EXERCISE DESCRIPTION> Everything in the data except the pictures belongs in your answer, copied exactly.

SOURCE MATERIAL>
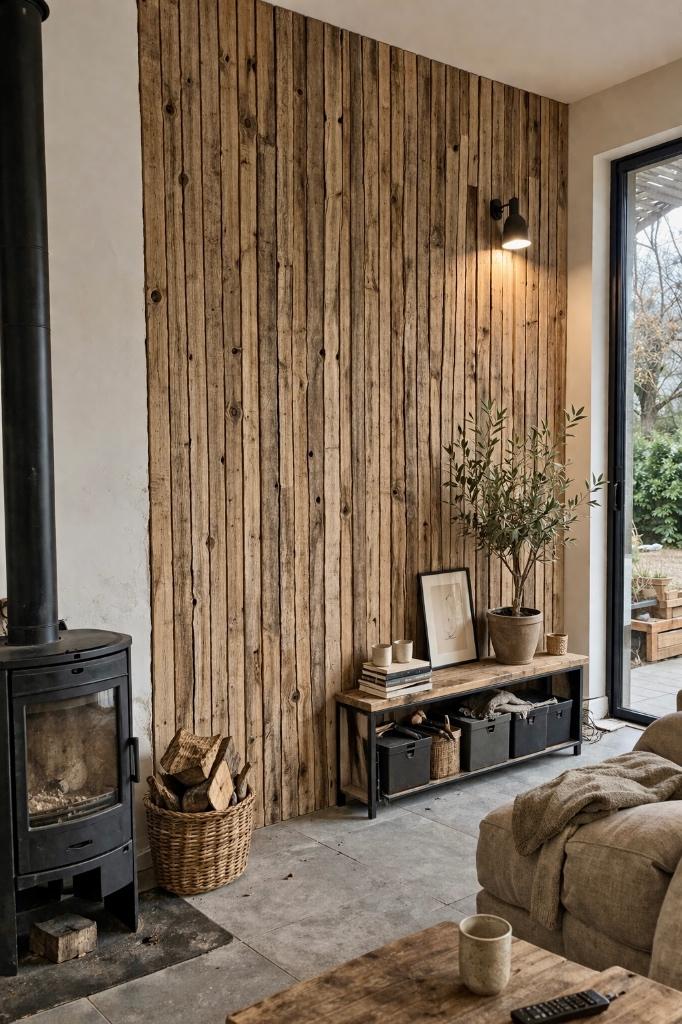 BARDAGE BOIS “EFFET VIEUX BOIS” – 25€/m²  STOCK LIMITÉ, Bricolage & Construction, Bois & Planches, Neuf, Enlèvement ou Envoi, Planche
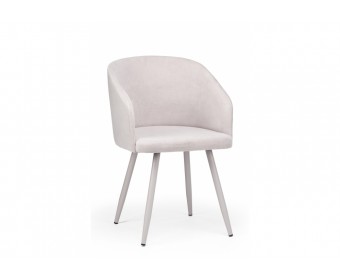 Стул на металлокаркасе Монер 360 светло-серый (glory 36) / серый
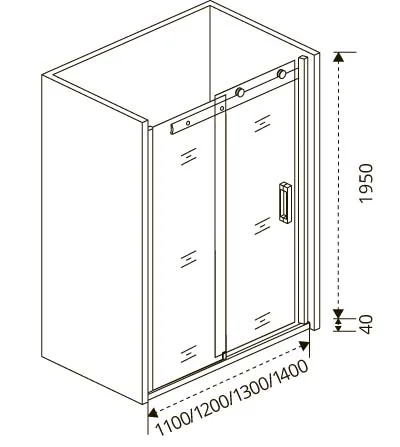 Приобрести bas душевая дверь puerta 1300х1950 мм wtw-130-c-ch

ANSWER TO THE PROBLEM>
 BARDAGE BOIS “EFFET VIEUX BOIS” – 25€/m²  STOCK LIMITÉ, Bricolage & Construction, Bois & Planches, Neuf, Enlèvement ou Envoi, Planche
 Стул на металлокаркасе Монер 360 светло-серый (glory 36) / серый
 Приобрести bas душевая дверь puerta 1300х1950 мм wtw-130-c-ch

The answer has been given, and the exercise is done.